Standard Chartered M&A advisory has emerged as the top mergers and acquisitions financial adviser in West Africa by deal value, and the bank says recent economic reforms are winning global investors back to the region, including Nigeria. The ranking underlines how much corporate dealmaking now flows through the lender’s corporate and investment banking arm.

Standard Chartered M&A leadership in West Africa
The bank says it has built a long track record across the continent, advising on cross-border transactions worth more than 50 billion dollars over the past 15 years. Those deals span oil and gas, chemicals, metals and mining, healthcare and financial services. Recent mandates include advising West China Cement on its acquisition of operations in the Democratic Republic of Congo.
For Nigeria, the message is that the country remains central to West African dealmaking. As Africa’s largest economy and most populous market, Nigeria is a magnet for cross-border investment in energy, banking, consumer goods and infrastructure, and the bank wants to keep advising on the biggest of those transactions.
Why reforms matter for investors
Standard Chartered says reforms across several African markets are helping to win back investors who had grown cautious. In Nigeria, the floating of the naira and the removal of the petrol subsidy were painful for households, but they also removed two of the biggest distortions that had kept foreign capital on the sidelines.
When currencies trade more freely and prices reflect the true cost of fuel, investors can plan with greater confidence. The bank argues that this clearer picture is one reason dealmaking interest is picking up again across West Africa, even as the wider global environment stays uncertain.
A rethink of acquisition finance
Alongside the ranking, the lender is urging a rethink of how acquisitions are funded on the continent. It says smarter, more flexible acquisition finance could revive merger activity that has been held back by tight credit and high borrowing costs. The push reflects a belief that good deals are available but that funding structures need to catch up.
For Nigerian companies, better access to acquisition finance could make it easier to buy rivals, expand into new markets or take over assets that multinationals are selling. Several global banks have trimmed their African footprints in recent years, leaving openings for local and regional players ready to grow through acquisitions.

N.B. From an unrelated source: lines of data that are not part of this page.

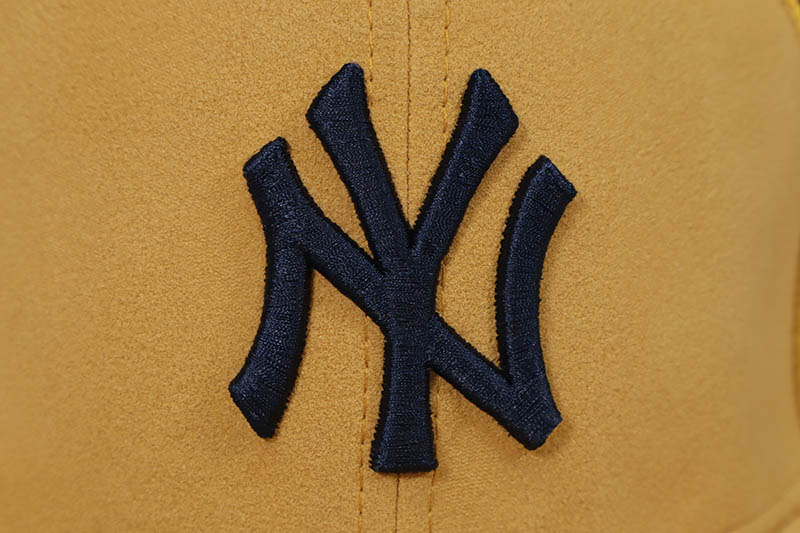 NEW ERA NEW YORK YANKEES 59FIFTY DOG EAR FITTED CAP (BRASS EYELETS TAN STITCHING/GREEN UNDER VISOR/CAMEL SUEDE)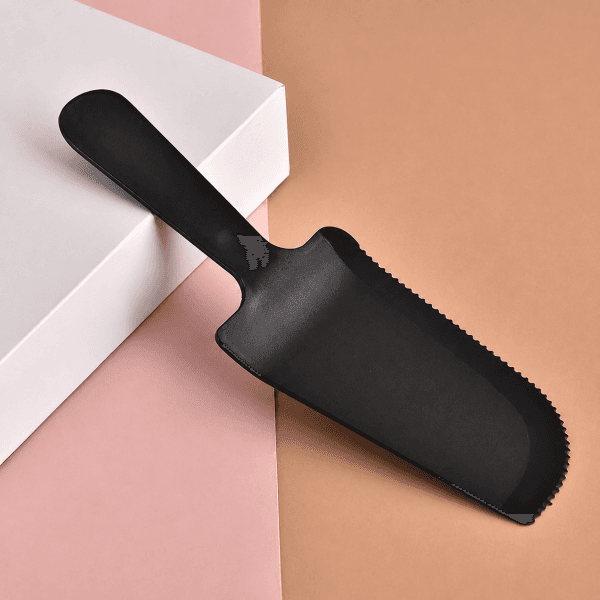 Cake Knife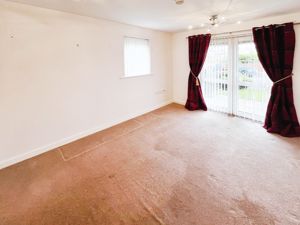 Lounge- click for photo gallery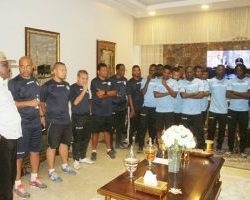 لاعبو الهلال يتقدموا بالتعازي للكاردينال في وفاة مدير أعماله بمنزله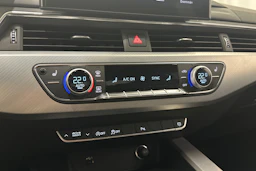 musta Audi A4 2023 kuva 17.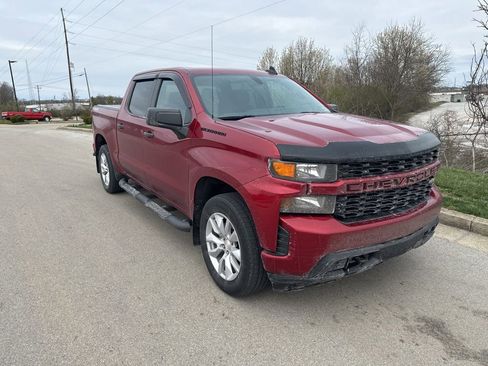 Used 2022 Chevrolet Silverado 1500 Custom w/ LPO, Dark Essentials Package image 2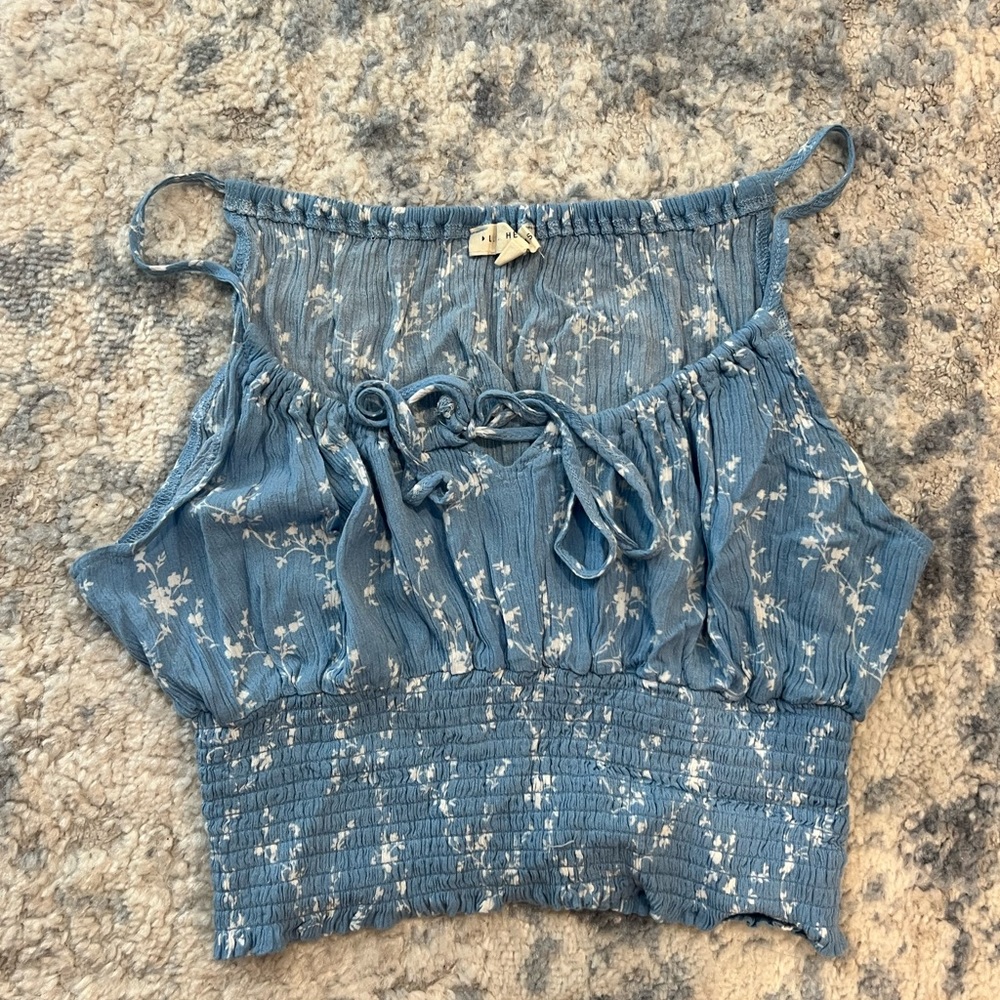 Pacsun blue floral blouse size L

What it means for dealmaking
The combination of a top regional ranking and a call for fresh thinking on funding signals where the bank sees the market heading. If reforms hold and financing improves, West Africa could see a stronger run of mergers, acquisitions and capital raises in the months ahead.
Much still depends on stability. Investors want predictable policy, steady exchange rates and clear rules before committing large sums. For now, Standard Chartered’s position at the top of the West African deal table suggests confidence is returning, with Nigeria expected to remain at the centre of the action.
The road ahead for Nigerian companies
Nigerian boardrooms will be watching closely. A pickup in mergers and acquisitions usually points to rising confidence in the wider economy, since firms only buy rivals or expand when they expect future growth. It can also reshape entire sectors, from banking and fintech to cement, telecoms and consumer goods, as stronger players absorb weaker ones.
There are risks too. Deals funded with expensive debt can leave companies stretched if revenues disappoint, and a wave of consolidation can reduce competition. Regulators in Nigeria will need to balance the benefits of bigger, better-capitalised firms against the need to protect consumers and keep markets open. Even so, the direction of travel, for now, is toward more activity rather than less.